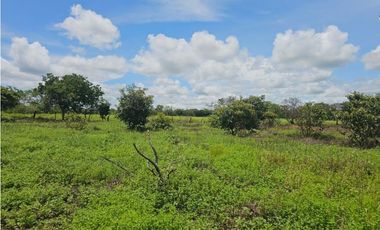 Se vende finca de 4.22 HAS en Aguadulce Interamericana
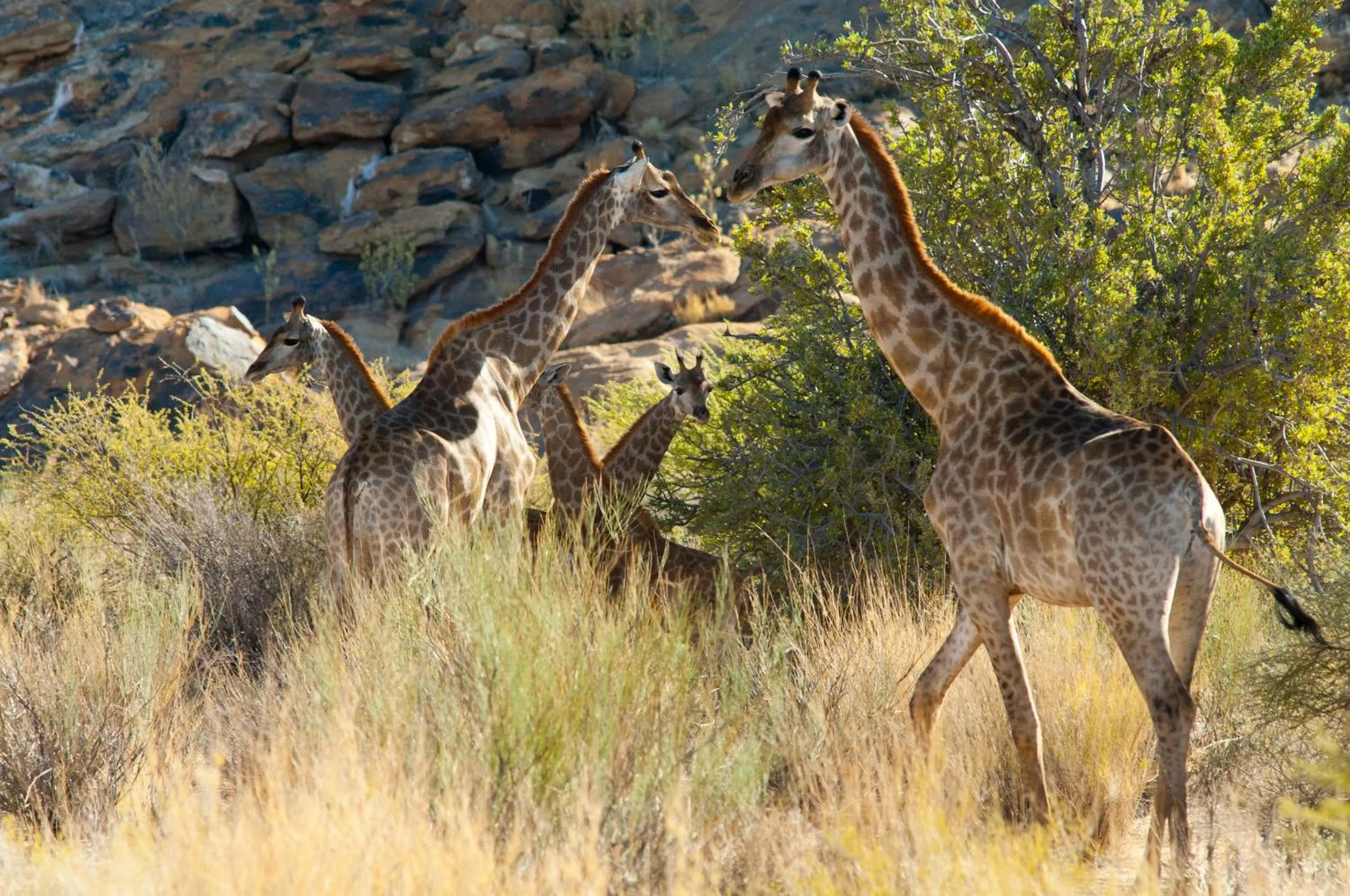 Natural landscape in Tutwa Desert Lodge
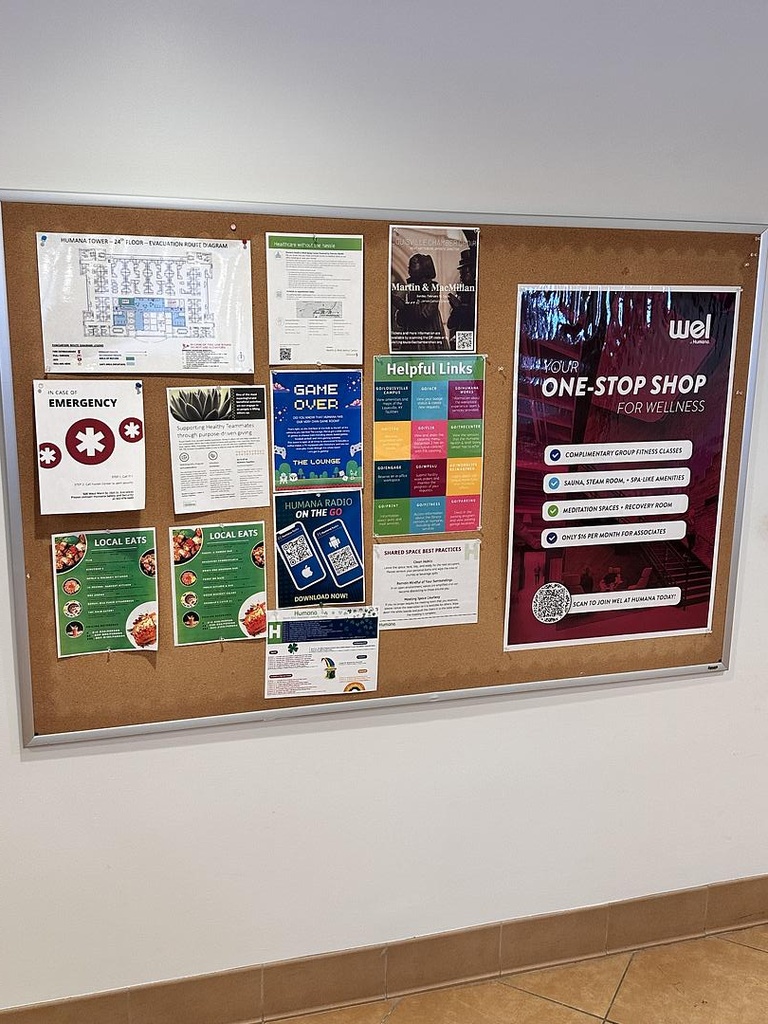 Cork board 47" x 62"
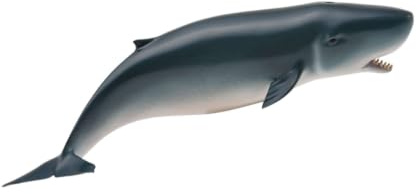 Collecta - Pygmeo Cachalotte - Sammelfigur - Größe M - (Deqube 90188653)
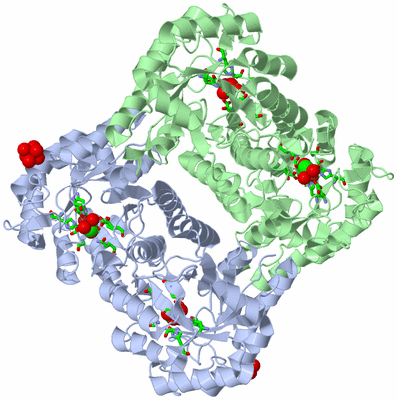 Image Biol. Unit 1 - sites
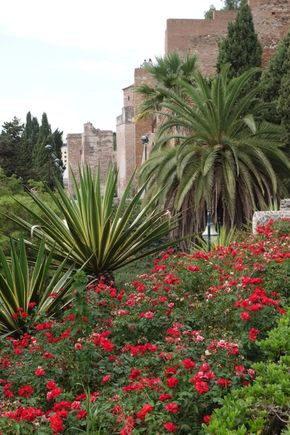 Alcazaba in Malaga
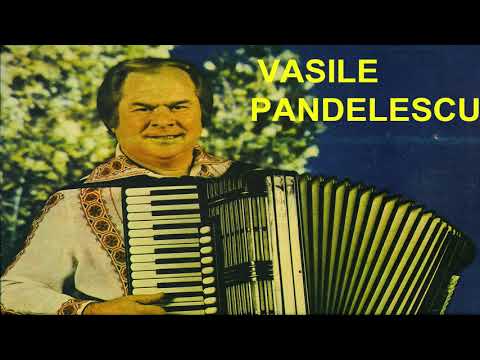 VASILE PANDELESCU - SARBA LUI PANDELESCU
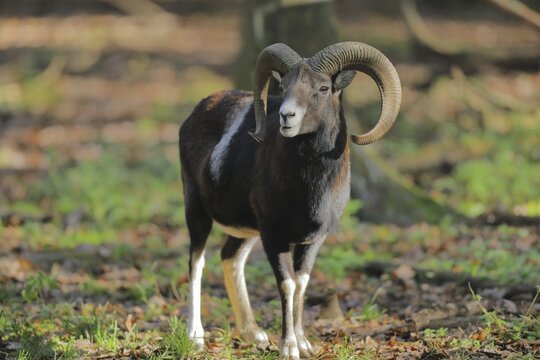 European mouflon (Ovis gmelini musimon), ram standing in the forest, Taunus, Hesse, Germany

□ □ □

*Work required*. Will you repeat the material above, but only from the line containing "Collecta - Pygmeo" through its last line, exactly and without the pictures?

*Output*.
 Collecta - Pygmeo Cachalotte - Sammelfigur - Größe M - (Deqube 90188653)
 Image Biol. Unit 1 - sites
 Alcazaba in Malaga
 VASILE PANDELESCU - SARBA LUI PANDELESCU
 European mouflon (Ovis gmelini musimon), ram standing in the forest, Taunus, Hesse, Germany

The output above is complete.